Beautiful Monsters: Check your assumptions at the door

by David Fore on August 14, 2008

Every product, service, or business model is defined in large measure by what designers take for granted. These assumptions can be held so deeply as to be invisible to the designers themselves. And yet their acknowledgment, and negotiation, are key to industrial evolution, profit, and harmonious relationships to various ecosystems.

In the early days, for instance, you could assume that those with access to computers were backed by organizations willing to invest the funds necessary to acquire or build the complex infrastructure required by computational behemoths. But with the advent of microprocessors and other such developments, that all changed. Now the intrusion of computers into every corner of our lives is nearly complete, with 11 percent of the people recently polled saying they’d like their email deliver directly into their brains in the ultimate post-media consumer fad.

It used to be you could take for granted that people had the motivation and ability to employ Boolean logic to their advantage. You used to be able depend on your users. There was a time when they were qualified to use software. They had seemingly endless patience with text strings dozens of characters in length, and they didn't mind waiting til morning for the computer to process their command batches. But with the advent of graphical user interfaces, the de-professionalization of computing tasks, and other developments, this no longer holds true.


Now anyone and his cat can make use of computers.
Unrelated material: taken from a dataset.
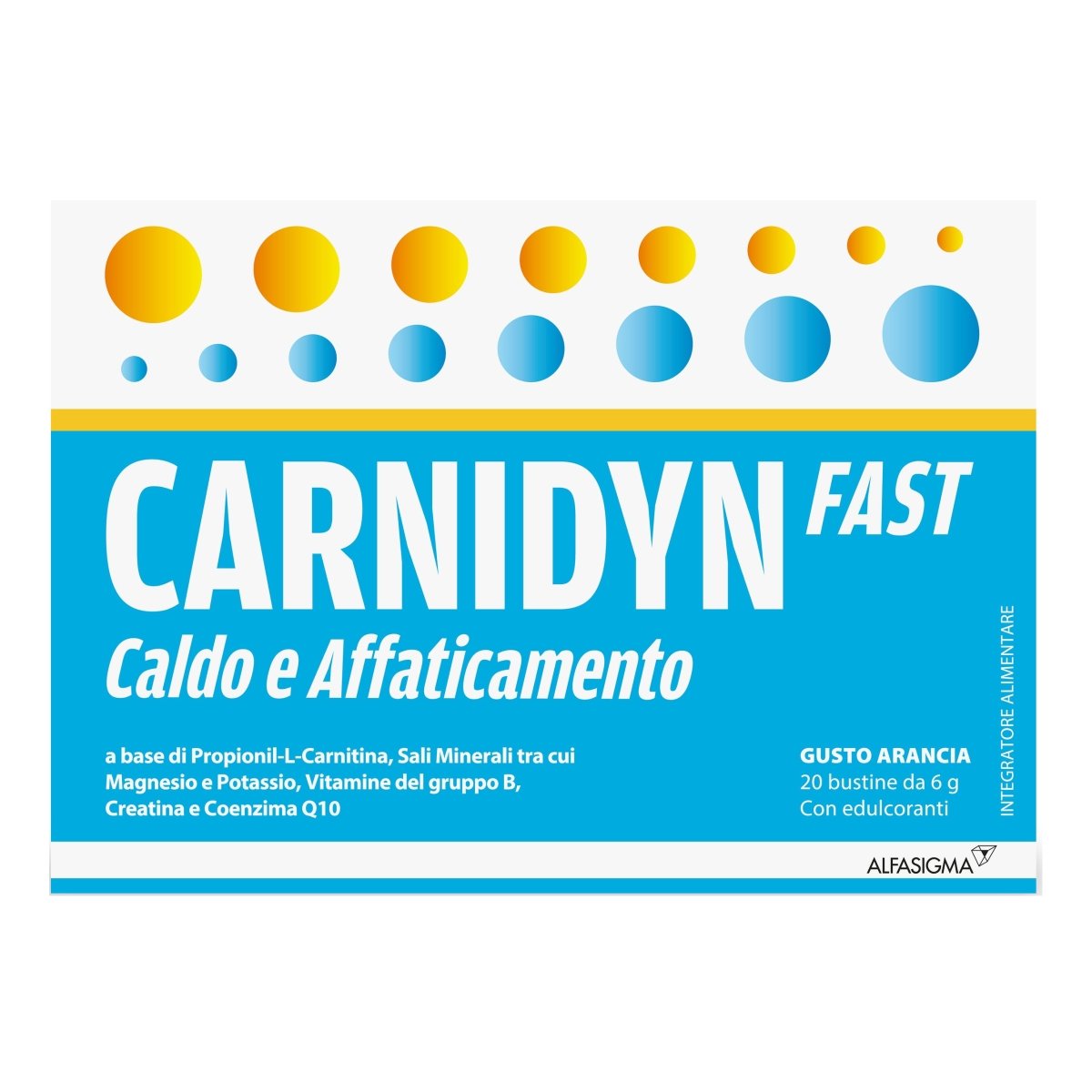 Carnidyn Fast 20 sobres coenzimas cansancio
Storage capacity was once scarce and expensive. You designed interactions which, by default, forced users to explicitly save data, to remind them of the precious nature of memory. This is no longer true. (Though the news has escaped the designers of some applications, including that of the one I'm using to compose these words.)

Once computers began arriving in offices and homes, the only folks who went online were researchers, hippies, and hackers. But not anymore. When designing products and services, you can safely assume that almost everyone worth reaching is online. And that nearly everything worth doing—including but not limited to the removal of your gallbladder—is possible, if not preferable, when done over the Internet.
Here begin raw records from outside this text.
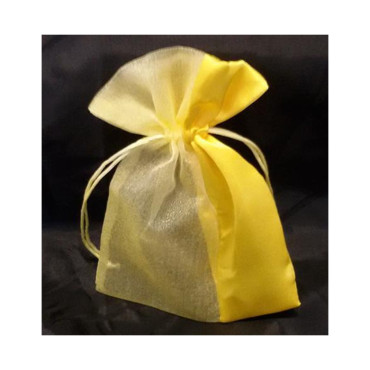 Sacchettino organza 12×17 giallo (pz 10)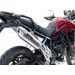 SLIP-ON EXHAUST GPR FURORE-X ACCIAIO INOX BRK24.T.101.FUXIO BRUSHED STAINLESS STEEL INCLUDING REMOVABLE DB KILLER AND LINK PIPE
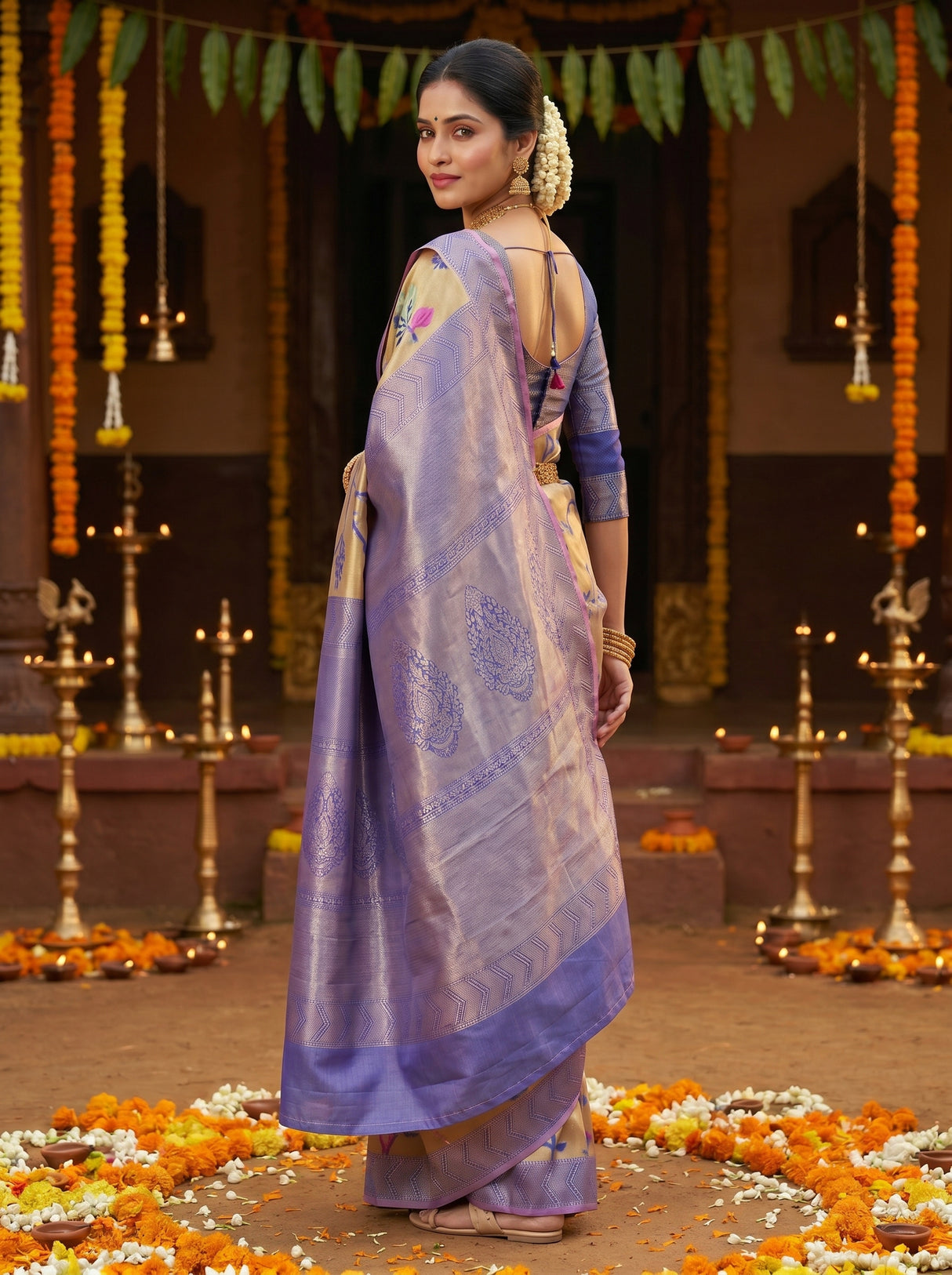 MIMOSA Saree Saree — pose 9 styling detail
Bandwidth? Please… it’s delivered by the bushel nowadays.

A profitable business model? I can spend all day snarfing my neighbor’s wireless connection to read a novel-in-progress in Chinese, talk to my Latvian developers, listen to music being played right now in a bar in Nigeria, and find a date for Friday night, all without paying a cent to a soul.

Over the years, we have watched one assumption after another fall like fruit from trees, planting the next crop of opportunities. In retrospect, it’s easy to believe limitations existed only to egg on our ingenuity. Nearly anything seems possible now.
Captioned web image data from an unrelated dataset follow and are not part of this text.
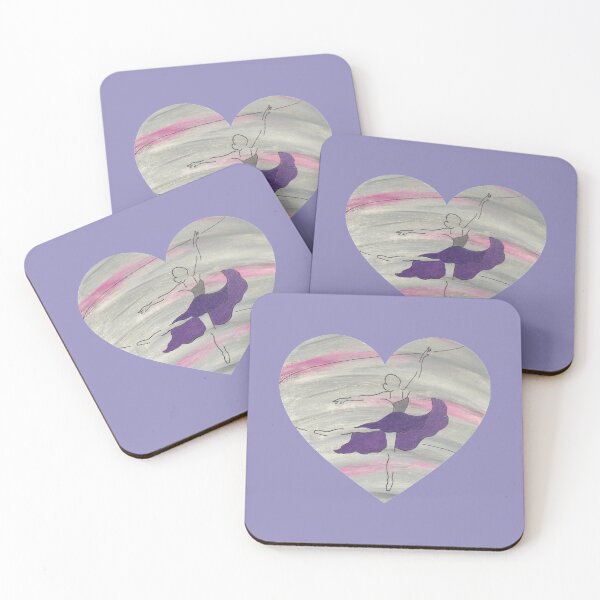 Item preview, Modern dancer in purple dress designed and sold by Artfullee63.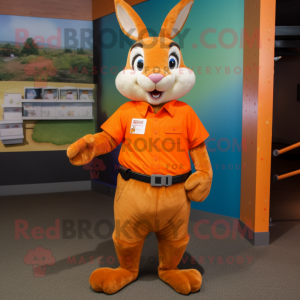 Orange Wild Rabbit mascotte...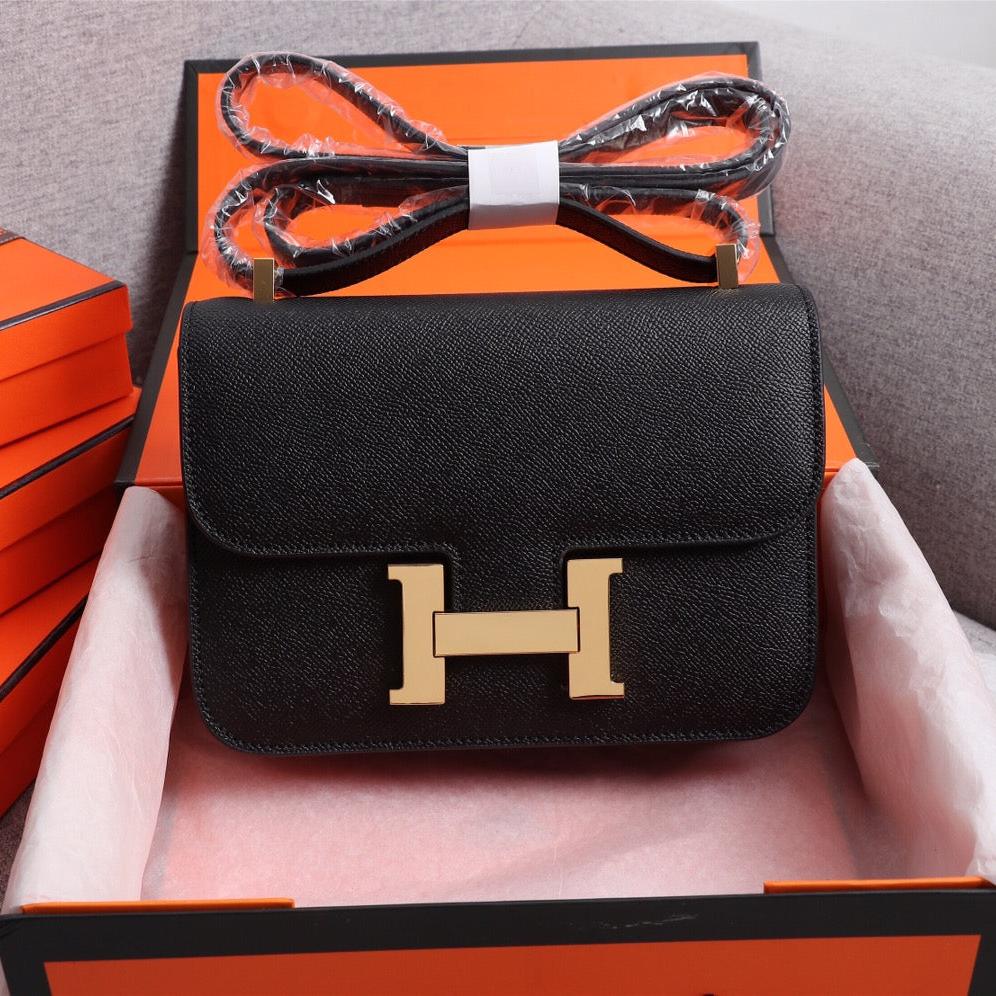 HM CONSTANCE BAGS 18 EPSOM GOLD HARDWARE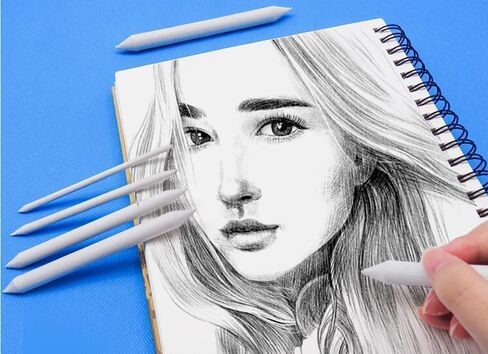 3 Sizes Blending White Smudge Stump Stick Art Drawing Tools Deft Art Pencils, Drawing Pencils Sketch Pens for Artists Students Beginner for Student Artist Charcoal Sketch Drawing Tools in Saudi Arabia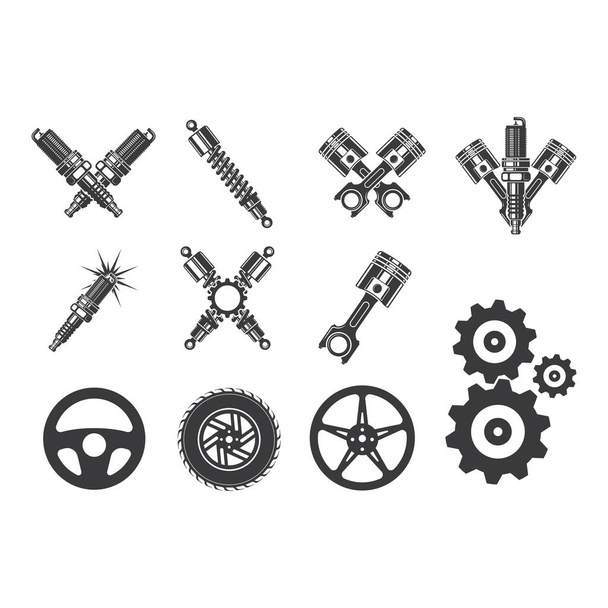 Automobil Ersatzteile Vektor Symbol Illustration Design-Vorlage - Vektor, Bild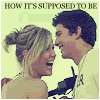 Static image of two people in close proximity with text above them reading 'HOW IT'S SUPPOSED TO BE' on a light yellow background.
But wait a minute. What are we not seeing?

What about the supply chain?

Sunday’s New York Times reports that higher energy costs are altering the balance of global trade by shortening supply chains and requiring designers, planners. and executives to rethink how they put stuff together and sell it. Then there’s server farms, which are not only more expensive to operate these days, but are subject to shortages that can bring down networks. (Interestingly, Microsoft has come to recognize that plain old analog human behavior is the biggest barrier to energy conservation at data centers.)

Think you work in a clean industry? Think again. Interaction designers live in and create worlds of abstractions. But if you looked at the supply chain of our industry you will see a tremendous drawdown of resources, while from the effluent pipe of you will see tremendous fouling of natural and social ecosystems.


Nicholas Carr calculates that a Second Life avatar consumes as much energy as a Brazilian.

It’s been said that while necessity is the mother of invention, poverty is the father. With energy in short supply—or, put another way, when energy use impoverishes your planet—how do you apply your ingenuity? Designers identify relevant tensions, then find ways to resolve them. The tensions with which we play include those between space and the stuff that occupies it.

Between stillness and motion.

Between effectiveness and efficiency.

Between thought and feeling.

Between options and actions.

Between certainty and doubt.

Between power and pleasure.

Between profit and sustainability

As interaction designers, we get to work in the warm and loamy convergence of vision, technical capacity, access to resources, and human desire. At this confluence of forces, we can amplify intelligence and divert bad decisions and feed our co-dependent ecologies. So, then, how do you design stuff that delivers more power to people while using less power to deliver it, use it, and retire it?

How to design a data back-up scheme for a cloud computing service that is reliable and unobtrusive… but which does not require computers to stay awake all night long for a 5-minute process?

How about a calendaring system that reduces the likelihood of meetings, thus saving on travel while increasing productivity?

Can you design an automated drafting system that’s powerful enough to build the tallest skyscraper, and which provides on-the-fly recommendations that boost energy efficiency?

Or come up with social networking solutions that simultaneously encourage collaboration, decrease real estate costs, and increase energy efficiency?

Or, how about thinking small: when you design a website registration form, do you offer that check-box which makes it easy to opt out of paper mailings?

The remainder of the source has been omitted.